Safety key on Halloween

Halloween can bring dangers much more frightening than ghosts, ghouls and goblins.

Dark streets, dangerous drivers, restrictive costumes, unattended candles and too much or tainted candy can cause real nightmares, officials said.

“We want every family to enjoy Halloween, but want to encourage safety as a No. 1 priority,” state Fire Marshal Michael Matlick said.

Halloween doesn’t arrive until Wednesday, but police around Snohomish County plan extra patrols beginning this weekend to look for dangerous or drunken drivers.

“The one thing we really stress for people: Please remember there will be little kids out wearing costumes, and some of the costumes will be dark,” Washington State Patrol trooper Kirk Rudeen said.

Slow down and keep an eye out for pedestrians on the roads all weekend and on Halloween night, he said.
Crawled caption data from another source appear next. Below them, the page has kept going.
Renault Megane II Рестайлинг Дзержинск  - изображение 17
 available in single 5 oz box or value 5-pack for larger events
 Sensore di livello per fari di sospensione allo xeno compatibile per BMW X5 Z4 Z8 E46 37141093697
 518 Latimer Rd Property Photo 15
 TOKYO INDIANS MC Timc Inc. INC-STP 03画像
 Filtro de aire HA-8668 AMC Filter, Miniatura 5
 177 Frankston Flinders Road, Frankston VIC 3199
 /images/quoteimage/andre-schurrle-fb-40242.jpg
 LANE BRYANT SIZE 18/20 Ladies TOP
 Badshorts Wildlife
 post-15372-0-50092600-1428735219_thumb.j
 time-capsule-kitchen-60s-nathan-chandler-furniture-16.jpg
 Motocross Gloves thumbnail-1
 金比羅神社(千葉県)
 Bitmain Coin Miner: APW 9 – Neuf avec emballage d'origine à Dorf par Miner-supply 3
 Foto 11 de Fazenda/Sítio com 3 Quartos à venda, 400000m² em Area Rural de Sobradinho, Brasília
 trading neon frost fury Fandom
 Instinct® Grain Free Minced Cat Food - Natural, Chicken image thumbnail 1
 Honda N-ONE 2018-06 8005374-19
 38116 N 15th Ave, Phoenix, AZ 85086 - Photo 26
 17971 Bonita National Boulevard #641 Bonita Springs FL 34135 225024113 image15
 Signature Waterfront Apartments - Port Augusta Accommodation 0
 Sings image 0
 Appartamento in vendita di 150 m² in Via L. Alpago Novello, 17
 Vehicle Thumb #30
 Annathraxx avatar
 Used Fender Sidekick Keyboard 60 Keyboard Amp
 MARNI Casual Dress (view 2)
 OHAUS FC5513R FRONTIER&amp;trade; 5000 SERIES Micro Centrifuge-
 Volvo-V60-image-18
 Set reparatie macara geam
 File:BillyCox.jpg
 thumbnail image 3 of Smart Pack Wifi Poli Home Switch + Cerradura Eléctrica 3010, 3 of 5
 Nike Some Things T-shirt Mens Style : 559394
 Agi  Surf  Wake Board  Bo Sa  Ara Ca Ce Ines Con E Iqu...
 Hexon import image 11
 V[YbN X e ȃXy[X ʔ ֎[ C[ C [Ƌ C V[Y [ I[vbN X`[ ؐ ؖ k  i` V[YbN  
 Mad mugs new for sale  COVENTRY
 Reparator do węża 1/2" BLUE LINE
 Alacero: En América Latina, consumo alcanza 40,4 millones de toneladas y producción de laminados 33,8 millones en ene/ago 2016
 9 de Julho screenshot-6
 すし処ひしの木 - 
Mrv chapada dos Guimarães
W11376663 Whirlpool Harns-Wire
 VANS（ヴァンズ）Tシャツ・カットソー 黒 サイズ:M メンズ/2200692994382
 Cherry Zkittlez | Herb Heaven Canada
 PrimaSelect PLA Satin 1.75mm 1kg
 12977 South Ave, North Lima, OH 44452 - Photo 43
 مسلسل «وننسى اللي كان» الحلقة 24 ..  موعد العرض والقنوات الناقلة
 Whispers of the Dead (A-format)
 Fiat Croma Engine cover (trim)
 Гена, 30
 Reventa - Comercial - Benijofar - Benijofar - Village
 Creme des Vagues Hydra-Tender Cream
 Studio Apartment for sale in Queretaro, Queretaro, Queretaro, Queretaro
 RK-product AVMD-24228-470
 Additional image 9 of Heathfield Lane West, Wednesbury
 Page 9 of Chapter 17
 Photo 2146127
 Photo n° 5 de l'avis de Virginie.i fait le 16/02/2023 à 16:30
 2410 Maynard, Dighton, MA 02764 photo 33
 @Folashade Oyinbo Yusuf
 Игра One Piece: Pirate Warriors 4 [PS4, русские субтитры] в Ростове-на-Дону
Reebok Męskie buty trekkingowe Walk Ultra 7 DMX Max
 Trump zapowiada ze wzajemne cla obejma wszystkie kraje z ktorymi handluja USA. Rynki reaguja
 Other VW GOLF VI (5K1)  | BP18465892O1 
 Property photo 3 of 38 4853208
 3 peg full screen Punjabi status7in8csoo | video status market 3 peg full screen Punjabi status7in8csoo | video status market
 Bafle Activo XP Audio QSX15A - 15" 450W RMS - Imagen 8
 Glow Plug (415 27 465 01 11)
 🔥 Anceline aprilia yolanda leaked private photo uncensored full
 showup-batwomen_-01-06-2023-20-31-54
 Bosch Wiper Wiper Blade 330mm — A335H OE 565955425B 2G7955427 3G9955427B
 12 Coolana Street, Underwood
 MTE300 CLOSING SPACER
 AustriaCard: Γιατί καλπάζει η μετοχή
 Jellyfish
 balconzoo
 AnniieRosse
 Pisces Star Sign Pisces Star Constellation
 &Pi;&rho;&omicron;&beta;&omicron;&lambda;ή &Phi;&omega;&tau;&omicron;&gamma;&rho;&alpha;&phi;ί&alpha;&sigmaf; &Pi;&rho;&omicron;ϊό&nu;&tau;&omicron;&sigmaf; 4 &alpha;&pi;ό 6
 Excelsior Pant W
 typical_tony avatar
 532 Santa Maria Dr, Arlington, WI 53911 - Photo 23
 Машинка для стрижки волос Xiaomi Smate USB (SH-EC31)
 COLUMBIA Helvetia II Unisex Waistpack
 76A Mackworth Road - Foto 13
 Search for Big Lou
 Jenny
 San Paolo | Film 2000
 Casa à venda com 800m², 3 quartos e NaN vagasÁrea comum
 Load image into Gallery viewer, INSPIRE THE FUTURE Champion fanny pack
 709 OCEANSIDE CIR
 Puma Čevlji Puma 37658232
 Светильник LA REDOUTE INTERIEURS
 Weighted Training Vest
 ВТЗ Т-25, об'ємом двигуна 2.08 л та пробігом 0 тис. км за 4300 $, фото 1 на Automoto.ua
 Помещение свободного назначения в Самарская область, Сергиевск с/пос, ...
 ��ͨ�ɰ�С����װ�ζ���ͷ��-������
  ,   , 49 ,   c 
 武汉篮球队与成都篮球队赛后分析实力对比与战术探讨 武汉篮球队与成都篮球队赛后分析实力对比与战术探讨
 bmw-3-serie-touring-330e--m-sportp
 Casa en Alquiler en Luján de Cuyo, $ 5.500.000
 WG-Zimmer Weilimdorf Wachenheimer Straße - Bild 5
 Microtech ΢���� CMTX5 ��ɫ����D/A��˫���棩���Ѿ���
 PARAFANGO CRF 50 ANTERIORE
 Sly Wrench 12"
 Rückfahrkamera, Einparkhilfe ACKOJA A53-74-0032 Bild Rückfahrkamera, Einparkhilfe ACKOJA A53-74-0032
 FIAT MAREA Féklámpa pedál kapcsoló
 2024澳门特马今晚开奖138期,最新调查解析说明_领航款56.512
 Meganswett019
Residential streets’ speed limit is 25 mph. When lots of children are around, especially those wearing dark costumes who may not look before crossing streets, it’s important to use extra caution, Rudeen said.

“There’s no excuse to be going fast, especially on a night like this,” he said. “We don’t want to have a tragedy happen.”

Common sense can make Halloween safer, experts said.

It’s a good idea to carry flashlights while trick-or-treating and to wear costumes that are easy to see, even adding reflective tape to capes and brooms. Costumes should be flame-resistant and fit properly, and masks shouldn’t make it hard to see or hear. Any candy that is collected should be inspected by an adult for signs of tampering.

Decorations shouldn’t be hazardous. Jack-o’-lanterns with candles left unattended on porches can pose a fire risk.

“Unattended candles are a big fire-safety concern for us,” Snohomish County Fire District 1 spokeswoman Leslie Hynes said. “There are glow sticks and battery-powered candles that flicker that are alternatives.”

And while it is fun for people to wear costumes on the last day of October, pets may prefer to just be left alone, according to the American Society for the Prevention of Cruelty to Animals. Never feed pets candy. Keeping cats and dogs inside on Halloween also is a good way to make sure animals don’t get spooked or hurt, officials said.